The Nazis, after all, were only the epitome, the egregious example in her own lifetime of a common enough tendency, found on your own block, found maybe in your own house. Started from the belief that some people were inherently better than others, were by birth entitled to what they called rights, but were really privileges not extended to others. Color them legitimate. The “in” group then made nice neat (or not so neat) demarcations among the others: some people were more entitled to respect by the legitimates than others. Color most of them white, and all of them male. There were even a few white Jews and some almost white niggers, if you looked hard. Not for some Nazis, of course. Some Nazis were more fastidious.

But everybody, and in time, everything, was ranked, And even the legitimates in one place became less so in another. The department head strode around like a martinet until he went up in the elevator to the top floor and met the president, and quavered. And the man on the assembly line had to take all kinds of shit from his foreman, but when he was with his buddies in the bowling alley, he was king of the hill. But all men had one unfailing area where they were legitimate, and that was with their women. Maybe with all women. Used to be, social class kept some men from daring to approach some women, but not anymore. Democracy had made all women open to anything from all men.
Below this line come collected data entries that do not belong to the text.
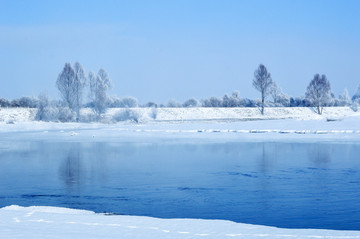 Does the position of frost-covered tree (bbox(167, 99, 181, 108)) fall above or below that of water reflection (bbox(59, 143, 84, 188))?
above

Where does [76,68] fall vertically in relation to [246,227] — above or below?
above

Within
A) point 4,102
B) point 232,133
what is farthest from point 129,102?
point 232,133

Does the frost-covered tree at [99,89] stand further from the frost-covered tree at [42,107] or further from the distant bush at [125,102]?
the distant bush at [125,102]

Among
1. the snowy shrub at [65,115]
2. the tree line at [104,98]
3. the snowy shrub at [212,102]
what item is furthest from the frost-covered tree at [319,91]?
the snowy shrub at [65,115]

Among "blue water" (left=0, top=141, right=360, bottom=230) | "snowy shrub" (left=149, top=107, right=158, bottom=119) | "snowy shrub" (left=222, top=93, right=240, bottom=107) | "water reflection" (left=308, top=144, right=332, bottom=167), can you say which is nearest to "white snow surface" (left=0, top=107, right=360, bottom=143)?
"snowy shrub" (left=149, top=107, right=158, bottom=119)

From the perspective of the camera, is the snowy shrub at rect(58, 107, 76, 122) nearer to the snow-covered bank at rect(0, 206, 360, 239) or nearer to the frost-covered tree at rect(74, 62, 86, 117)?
the frost-covered tree at rect(74, 62, 86, 117)

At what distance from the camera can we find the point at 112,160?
19250mm

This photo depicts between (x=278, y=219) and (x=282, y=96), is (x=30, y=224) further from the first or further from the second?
(x=282, y=96)

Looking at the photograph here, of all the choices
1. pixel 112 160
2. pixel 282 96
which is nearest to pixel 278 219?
pixel 112 160

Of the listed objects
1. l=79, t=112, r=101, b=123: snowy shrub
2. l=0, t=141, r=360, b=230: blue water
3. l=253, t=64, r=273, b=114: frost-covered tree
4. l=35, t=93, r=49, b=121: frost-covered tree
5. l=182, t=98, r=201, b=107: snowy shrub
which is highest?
l=253, t=64, r=273, b=114: frost-covered tree

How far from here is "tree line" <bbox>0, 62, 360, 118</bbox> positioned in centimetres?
6309

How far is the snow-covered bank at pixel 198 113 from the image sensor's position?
63531 millimetres

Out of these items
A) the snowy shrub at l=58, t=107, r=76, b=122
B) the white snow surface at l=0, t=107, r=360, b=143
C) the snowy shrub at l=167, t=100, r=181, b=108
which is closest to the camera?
the white snow surface at l=0, t=107, r=360, b=143

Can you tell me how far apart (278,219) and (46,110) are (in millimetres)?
55585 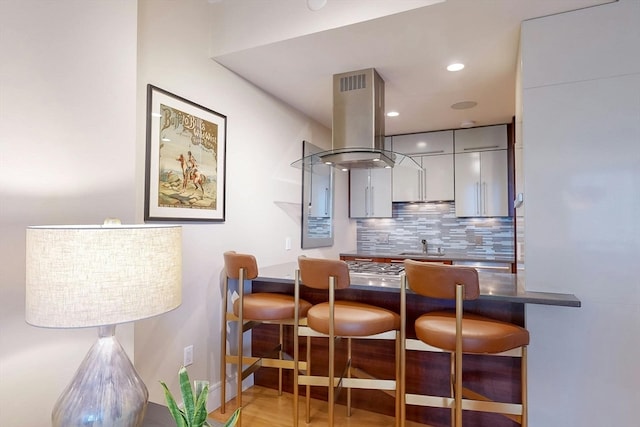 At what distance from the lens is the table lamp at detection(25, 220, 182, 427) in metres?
0.87

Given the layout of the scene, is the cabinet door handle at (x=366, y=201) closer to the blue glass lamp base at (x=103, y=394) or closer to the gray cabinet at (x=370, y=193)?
the gray cabinet at (x=370, y=193)

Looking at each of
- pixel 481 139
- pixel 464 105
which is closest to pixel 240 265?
pixel 464 105

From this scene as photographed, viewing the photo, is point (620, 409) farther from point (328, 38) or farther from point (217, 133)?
point (217, 133)

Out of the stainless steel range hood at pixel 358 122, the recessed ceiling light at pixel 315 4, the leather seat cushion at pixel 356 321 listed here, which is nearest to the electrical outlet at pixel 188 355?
the leather seat cushion at pixel 356 321

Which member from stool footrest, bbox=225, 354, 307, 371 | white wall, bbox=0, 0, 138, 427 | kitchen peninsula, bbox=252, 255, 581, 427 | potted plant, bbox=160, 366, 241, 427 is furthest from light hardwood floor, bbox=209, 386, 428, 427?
potted plant, bbox=160, 366, 241, 427

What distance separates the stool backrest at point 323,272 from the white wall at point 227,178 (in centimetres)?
77

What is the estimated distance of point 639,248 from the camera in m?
1.68

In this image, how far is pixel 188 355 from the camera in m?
2.19

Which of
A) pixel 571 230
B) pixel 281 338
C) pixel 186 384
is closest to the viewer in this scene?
pixel 186 384

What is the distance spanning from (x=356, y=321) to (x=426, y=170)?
9.85 feet

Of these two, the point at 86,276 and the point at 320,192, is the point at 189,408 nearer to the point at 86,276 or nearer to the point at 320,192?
the point at 86,276

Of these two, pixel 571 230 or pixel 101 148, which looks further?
pixel 571 230

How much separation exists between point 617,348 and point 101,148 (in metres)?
2.51

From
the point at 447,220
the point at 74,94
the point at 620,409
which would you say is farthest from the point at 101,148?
the point at 447,220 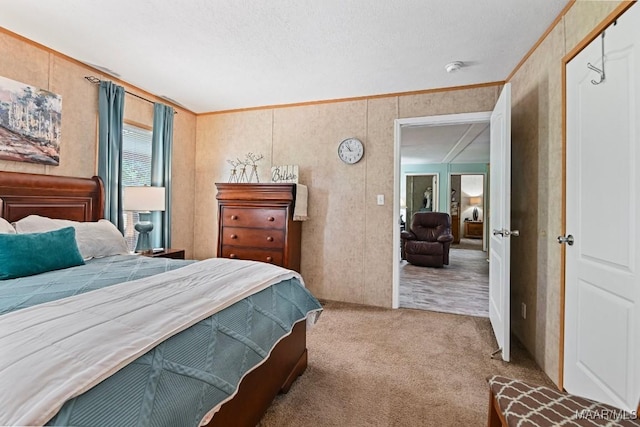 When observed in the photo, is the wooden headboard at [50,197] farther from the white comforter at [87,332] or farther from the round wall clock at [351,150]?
the round wall clock at [351,150]

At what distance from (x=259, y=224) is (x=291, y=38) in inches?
75.6

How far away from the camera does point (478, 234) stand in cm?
1034

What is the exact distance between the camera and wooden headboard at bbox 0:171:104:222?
7.51 ft

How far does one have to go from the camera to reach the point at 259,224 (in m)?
3.48

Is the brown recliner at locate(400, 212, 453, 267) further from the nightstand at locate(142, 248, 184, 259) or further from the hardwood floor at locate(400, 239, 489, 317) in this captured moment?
the nightstand at locate(142, 248, 184, 259)

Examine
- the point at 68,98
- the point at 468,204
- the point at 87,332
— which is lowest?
the point at 87,332

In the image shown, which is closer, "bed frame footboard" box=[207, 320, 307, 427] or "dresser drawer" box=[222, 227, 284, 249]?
"bed frame footboard" box=[207, 320, 307, 427]

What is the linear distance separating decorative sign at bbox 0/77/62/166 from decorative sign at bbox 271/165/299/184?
211 cm

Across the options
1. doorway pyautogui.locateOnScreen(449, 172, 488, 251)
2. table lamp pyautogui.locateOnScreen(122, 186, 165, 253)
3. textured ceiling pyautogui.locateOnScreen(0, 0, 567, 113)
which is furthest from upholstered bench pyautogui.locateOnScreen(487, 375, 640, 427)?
doorway pyautogui.locateOnScreen(449, 172, 488, 251)

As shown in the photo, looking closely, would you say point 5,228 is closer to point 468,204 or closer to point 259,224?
point 259,224

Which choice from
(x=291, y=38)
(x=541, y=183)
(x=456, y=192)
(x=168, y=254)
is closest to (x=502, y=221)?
(x=541, y=183)

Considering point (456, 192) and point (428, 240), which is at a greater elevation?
point (456, 192)

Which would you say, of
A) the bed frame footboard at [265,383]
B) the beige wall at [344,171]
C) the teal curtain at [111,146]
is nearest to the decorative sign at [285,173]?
the beige wall at [344,171]

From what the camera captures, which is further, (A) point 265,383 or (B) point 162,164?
(B) point 162,164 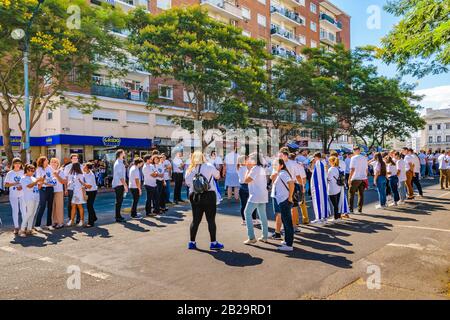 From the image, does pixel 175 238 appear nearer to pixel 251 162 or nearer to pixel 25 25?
pixel 251 162

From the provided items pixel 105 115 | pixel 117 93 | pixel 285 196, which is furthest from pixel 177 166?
pixel 117 93

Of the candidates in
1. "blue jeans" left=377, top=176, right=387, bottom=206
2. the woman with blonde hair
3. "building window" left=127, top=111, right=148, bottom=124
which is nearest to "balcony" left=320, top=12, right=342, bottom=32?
"building window" left=127, top=111, right=148, bottom=124

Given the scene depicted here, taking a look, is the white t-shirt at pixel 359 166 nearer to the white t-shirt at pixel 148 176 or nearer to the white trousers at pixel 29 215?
the white t-shirt at pixel 148 176

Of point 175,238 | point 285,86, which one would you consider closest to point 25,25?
point 175,238

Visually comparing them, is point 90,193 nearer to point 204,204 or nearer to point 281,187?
point 204,204

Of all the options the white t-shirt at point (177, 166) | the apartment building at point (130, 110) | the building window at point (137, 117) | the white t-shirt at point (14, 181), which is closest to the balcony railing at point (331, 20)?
the apartment building at point (130, 110)

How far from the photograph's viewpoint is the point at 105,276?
5.06 meters

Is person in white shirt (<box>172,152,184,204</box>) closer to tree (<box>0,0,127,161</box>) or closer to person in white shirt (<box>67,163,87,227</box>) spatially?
person in white shirt (<box>67,163,87,227</box>)

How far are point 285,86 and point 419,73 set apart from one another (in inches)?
860

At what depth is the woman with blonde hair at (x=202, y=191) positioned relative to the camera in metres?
6.12

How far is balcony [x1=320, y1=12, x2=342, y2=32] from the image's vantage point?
5228 centimetres

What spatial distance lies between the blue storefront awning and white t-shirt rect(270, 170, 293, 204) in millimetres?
21790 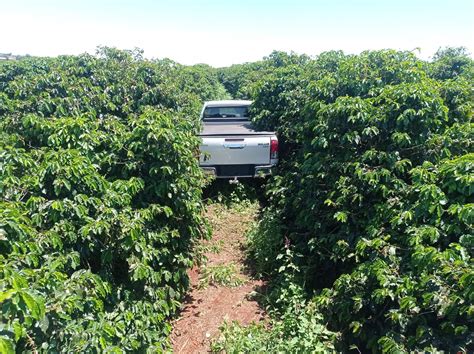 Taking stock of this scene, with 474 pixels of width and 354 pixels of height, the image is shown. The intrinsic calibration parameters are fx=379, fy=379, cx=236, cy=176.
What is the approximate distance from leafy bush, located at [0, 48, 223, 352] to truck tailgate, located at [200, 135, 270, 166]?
6.07 feet

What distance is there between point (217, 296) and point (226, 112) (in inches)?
227

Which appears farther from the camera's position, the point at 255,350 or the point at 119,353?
the point at 255,350

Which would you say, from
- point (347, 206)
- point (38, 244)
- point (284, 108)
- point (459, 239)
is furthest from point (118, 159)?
point (284, 108)

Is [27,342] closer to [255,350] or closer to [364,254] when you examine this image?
[255,350]

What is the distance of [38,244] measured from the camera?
2539 millimetres

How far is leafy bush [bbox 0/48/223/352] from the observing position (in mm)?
2141

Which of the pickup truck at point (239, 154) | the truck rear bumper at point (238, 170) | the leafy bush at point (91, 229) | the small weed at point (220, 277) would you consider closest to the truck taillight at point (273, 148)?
the pickup truck at point (239, 154)

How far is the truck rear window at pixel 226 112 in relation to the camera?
921cm

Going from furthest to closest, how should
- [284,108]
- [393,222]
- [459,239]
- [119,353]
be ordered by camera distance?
[284,108] → [393,222] → [459,239] → [119,353]

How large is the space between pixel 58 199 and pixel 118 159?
0.99 meters

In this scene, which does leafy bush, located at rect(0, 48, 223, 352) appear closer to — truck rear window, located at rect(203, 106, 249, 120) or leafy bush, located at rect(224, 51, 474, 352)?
leafy bush, located at rect(224, 51, 474, 352)

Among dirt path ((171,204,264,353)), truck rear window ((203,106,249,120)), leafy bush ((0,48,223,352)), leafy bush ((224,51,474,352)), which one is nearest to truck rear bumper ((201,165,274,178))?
leafy bush ((224,51,474,352))

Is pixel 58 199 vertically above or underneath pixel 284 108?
underneath

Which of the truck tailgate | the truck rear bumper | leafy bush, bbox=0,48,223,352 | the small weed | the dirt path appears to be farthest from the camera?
the truck rear bumper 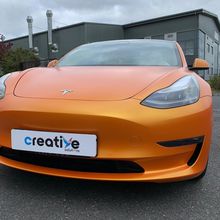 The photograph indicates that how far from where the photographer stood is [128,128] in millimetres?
2100

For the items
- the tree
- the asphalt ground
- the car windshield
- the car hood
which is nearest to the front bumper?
the car hood

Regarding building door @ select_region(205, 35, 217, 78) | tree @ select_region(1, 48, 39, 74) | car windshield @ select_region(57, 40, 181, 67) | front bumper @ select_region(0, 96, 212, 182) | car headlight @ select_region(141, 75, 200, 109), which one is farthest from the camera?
building door @ select_region(205, 35, 217, 78)

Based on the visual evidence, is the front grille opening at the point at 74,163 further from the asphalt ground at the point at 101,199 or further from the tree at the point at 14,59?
the tree at the point at 14,59

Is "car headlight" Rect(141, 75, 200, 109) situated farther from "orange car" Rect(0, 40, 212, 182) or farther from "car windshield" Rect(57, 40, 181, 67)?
"car windshield" Rect(57, 40, 181, 67)

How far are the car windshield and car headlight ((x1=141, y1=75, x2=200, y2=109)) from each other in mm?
752

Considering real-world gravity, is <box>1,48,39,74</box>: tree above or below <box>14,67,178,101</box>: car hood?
below

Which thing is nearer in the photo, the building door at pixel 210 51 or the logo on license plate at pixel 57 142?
the logo on license plate at pixel 57 142

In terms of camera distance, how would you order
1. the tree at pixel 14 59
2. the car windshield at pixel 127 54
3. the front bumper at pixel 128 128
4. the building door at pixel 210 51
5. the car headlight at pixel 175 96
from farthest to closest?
1. the building door at pixel 210 51
2. the tree at pixel 14 59
3. the car windshield at pixel 127 54
4. the car headlight at pixel 175 96
5. the front bumper at pixel 128 128

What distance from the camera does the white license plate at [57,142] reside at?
212 cm

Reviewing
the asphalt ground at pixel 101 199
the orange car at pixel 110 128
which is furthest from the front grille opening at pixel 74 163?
the asphalt ground at pixel 101 199

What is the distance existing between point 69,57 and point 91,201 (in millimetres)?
1761

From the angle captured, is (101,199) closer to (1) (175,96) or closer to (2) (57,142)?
(2) (57,142)

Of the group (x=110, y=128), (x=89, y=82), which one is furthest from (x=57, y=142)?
(x=89, y=82)

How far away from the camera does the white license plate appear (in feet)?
6.96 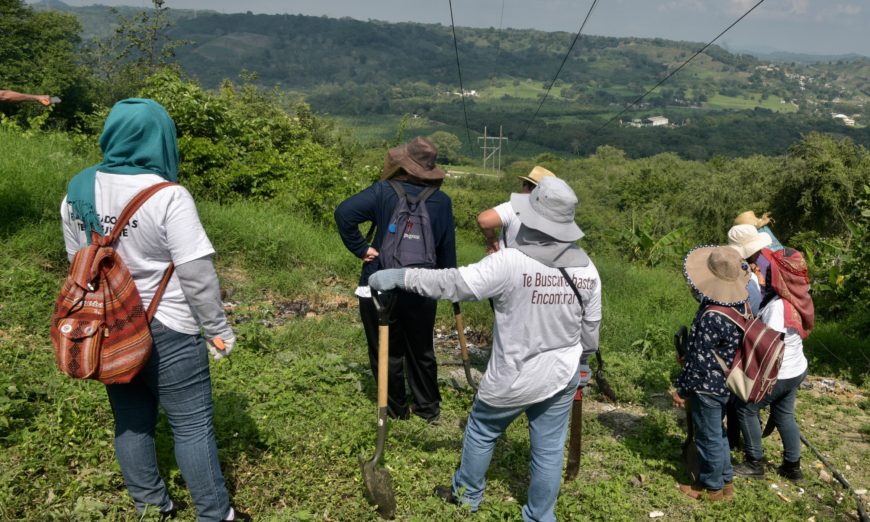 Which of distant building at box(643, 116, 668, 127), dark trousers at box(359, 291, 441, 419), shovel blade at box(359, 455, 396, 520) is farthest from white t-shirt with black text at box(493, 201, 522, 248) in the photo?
distant building at box(643, 116, 668, 127)

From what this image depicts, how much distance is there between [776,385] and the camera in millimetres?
4180

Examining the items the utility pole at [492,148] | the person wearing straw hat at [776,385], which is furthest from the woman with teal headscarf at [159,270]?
the utility pole at [492,148]

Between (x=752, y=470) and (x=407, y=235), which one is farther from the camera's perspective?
(x=752, y=470)

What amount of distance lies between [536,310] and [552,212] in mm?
474

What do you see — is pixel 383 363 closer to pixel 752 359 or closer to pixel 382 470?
pixel 382 470

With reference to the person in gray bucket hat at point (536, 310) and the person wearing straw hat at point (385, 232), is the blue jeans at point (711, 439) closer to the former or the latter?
the person in gray bucket hat at point (536, 310)

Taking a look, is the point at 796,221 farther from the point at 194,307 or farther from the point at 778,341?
the point at 194,307

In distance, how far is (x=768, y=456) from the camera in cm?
487

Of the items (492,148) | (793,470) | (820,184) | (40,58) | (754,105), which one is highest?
(40,58)

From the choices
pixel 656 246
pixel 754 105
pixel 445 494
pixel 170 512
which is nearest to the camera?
pixel 170 512

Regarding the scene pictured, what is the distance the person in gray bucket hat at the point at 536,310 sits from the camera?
2.98 metres

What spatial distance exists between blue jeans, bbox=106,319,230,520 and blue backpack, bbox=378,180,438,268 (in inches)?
58.1

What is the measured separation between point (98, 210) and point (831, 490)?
16.2 feet

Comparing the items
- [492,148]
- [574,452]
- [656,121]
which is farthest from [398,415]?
[656,121] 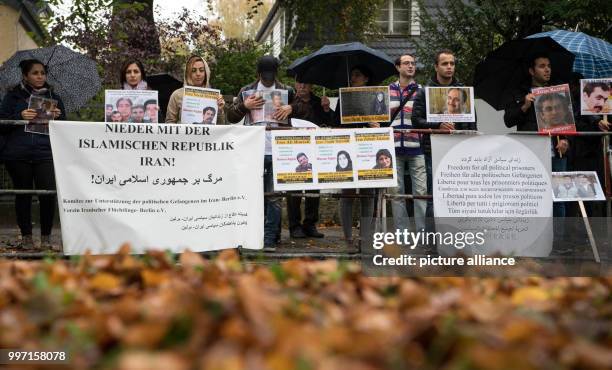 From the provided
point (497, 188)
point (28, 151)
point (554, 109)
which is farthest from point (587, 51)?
point (28, 151)

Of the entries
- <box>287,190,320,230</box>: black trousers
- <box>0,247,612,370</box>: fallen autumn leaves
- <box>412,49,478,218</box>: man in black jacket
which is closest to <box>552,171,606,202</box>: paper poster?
<box>412,49,478,218</box>: man in black jacket

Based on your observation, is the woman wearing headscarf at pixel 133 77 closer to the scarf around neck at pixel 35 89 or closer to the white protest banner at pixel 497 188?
the scarf around neck at pixel 35 89

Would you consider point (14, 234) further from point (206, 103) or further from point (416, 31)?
point (416, 31)

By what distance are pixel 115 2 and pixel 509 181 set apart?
9786 millimetres

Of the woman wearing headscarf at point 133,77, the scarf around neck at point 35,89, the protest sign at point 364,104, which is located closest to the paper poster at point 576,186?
the protest sign at point 364,104

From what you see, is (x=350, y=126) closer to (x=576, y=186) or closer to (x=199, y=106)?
(x=199, y=106)

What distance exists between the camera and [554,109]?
1007 centimetres

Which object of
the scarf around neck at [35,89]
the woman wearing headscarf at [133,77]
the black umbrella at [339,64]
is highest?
the black umbrella at [339,64]

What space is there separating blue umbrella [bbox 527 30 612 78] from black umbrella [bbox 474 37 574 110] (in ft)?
0.46

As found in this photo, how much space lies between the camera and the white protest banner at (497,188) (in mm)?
9555

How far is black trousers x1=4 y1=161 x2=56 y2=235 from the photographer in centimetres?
997

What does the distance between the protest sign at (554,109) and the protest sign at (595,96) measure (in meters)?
0.32

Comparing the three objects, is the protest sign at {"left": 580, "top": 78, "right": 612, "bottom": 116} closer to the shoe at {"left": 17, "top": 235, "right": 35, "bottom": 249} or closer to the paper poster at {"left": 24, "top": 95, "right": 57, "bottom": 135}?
the paper poster at {"left": 24, "top": 95, "right": 57, "bottom": 135}

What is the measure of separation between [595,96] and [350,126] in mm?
2664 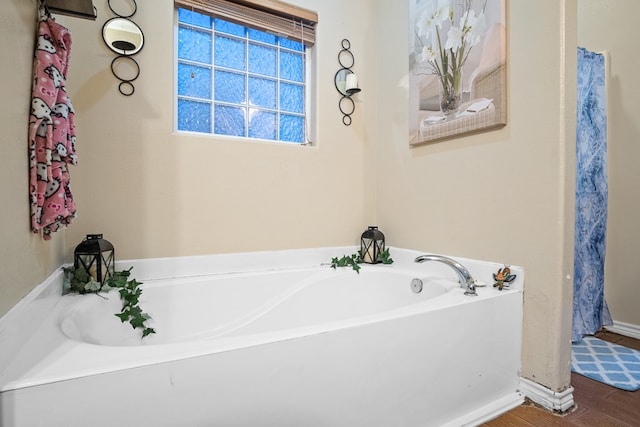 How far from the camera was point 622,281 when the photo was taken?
7.14 ft

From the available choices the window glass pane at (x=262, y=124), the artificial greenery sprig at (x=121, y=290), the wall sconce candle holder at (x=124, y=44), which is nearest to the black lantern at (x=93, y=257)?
the artificial greenery sprig at (x=121, y=290)

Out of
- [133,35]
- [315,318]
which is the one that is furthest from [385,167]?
[133,35]

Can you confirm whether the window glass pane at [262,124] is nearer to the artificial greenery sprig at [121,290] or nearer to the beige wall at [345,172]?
the beige wall at [345,172]

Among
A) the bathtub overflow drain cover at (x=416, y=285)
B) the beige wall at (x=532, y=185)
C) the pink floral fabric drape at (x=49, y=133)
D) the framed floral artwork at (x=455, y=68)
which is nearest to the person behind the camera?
the pink floral fabric drape at (x=49, y=133)

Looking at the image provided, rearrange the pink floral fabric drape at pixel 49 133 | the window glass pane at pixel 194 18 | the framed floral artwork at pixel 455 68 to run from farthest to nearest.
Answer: the window glass pane at pixel 194 18, the framed floral artwork at pixel 455 68, the pink floral fabric drape at pixel 49 133

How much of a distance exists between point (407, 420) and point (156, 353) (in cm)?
86

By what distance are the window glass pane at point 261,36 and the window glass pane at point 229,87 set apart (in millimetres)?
269

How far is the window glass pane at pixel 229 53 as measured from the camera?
1.92 metres

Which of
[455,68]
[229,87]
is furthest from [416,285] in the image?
[229,87]

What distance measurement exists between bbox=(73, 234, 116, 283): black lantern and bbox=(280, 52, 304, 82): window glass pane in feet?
4.83

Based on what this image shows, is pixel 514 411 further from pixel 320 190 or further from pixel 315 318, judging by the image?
pixel 320 190

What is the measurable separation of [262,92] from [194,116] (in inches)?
18.7

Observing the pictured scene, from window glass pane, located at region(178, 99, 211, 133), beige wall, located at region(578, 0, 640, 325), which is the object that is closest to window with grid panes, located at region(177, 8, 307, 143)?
window glass pane, located at region(178, 99, 211, 133)

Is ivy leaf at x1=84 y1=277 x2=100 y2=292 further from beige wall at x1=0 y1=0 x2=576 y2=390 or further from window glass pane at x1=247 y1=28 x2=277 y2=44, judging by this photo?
window glass pane at x1=247 y1=28 x2=277 y2=44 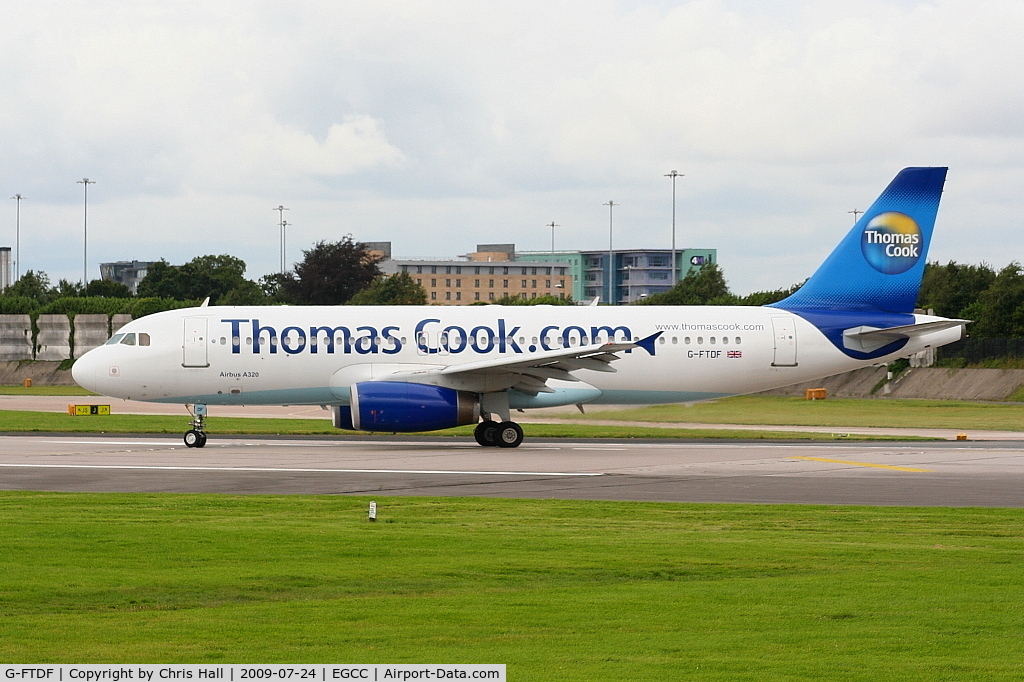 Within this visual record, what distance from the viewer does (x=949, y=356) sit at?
214 ft

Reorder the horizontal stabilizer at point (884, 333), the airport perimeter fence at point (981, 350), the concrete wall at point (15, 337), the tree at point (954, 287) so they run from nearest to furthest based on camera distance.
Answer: the horizontal stabilizer at point (884, 333)
the airport perimeter fence at point (981, 350)
the tree at point (954, 287)
the concrete wall at point (15, 337)

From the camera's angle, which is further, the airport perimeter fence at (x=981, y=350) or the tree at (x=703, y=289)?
the tree at (x=703, y=289)

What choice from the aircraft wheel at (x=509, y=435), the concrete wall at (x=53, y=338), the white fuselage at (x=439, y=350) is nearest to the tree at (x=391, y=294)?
the concrete wall at (x=53, y=338)

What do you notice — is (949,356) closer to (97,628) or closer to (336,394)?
(336,394)

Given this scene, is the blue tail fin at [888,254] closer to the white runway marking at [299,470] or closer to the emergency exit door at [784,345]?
the emergency exit door at [784,345]

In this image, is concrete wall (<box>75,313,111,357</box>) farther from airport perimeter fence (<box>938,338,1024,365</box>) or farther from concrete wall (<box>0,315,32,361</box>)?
airport perimeter fence (<box>938,338,1024,365</box>)

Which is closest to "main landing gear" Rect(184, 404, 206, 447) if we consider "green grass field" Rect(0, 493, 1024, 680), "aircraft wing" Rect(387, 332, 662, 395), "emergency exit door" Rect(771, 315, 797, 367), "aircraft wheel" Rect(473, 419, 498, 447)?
"aircraft wing" Rect(387, 332, 662, 395)

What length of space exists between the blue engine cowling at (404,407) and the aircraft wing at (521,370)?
0.56 m

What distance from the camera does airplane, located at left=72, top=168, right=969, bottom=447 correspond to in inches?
A: 1245

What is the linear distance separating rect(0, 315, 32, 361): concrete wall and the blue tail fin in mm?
60085

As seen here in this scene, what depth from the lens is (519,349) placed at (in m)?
33.0

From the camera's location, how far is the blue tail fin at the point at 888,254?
34.5 metres

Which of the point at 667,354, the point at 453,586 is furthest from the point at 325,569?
the point at 667,354

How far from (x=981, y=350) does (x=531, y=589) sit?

And the way you run this shop is through the brain: everybody is convinced that the people who say they are legitimate
are
legitimate. So everybody runs in fear, abject to authority. And everybody who has any hope at all aims for the top floor where the chairman lives. The chairman has no face and no body either. He has a uniform with a blank on top of it and he lives always at the tops of high buildings, or in fortresses on islands in warm waters. He goes up and down in private elevators and never encounters anything unfriendly, anything untamed—not people or weather or a hostile editorial. His underlings make sure of this.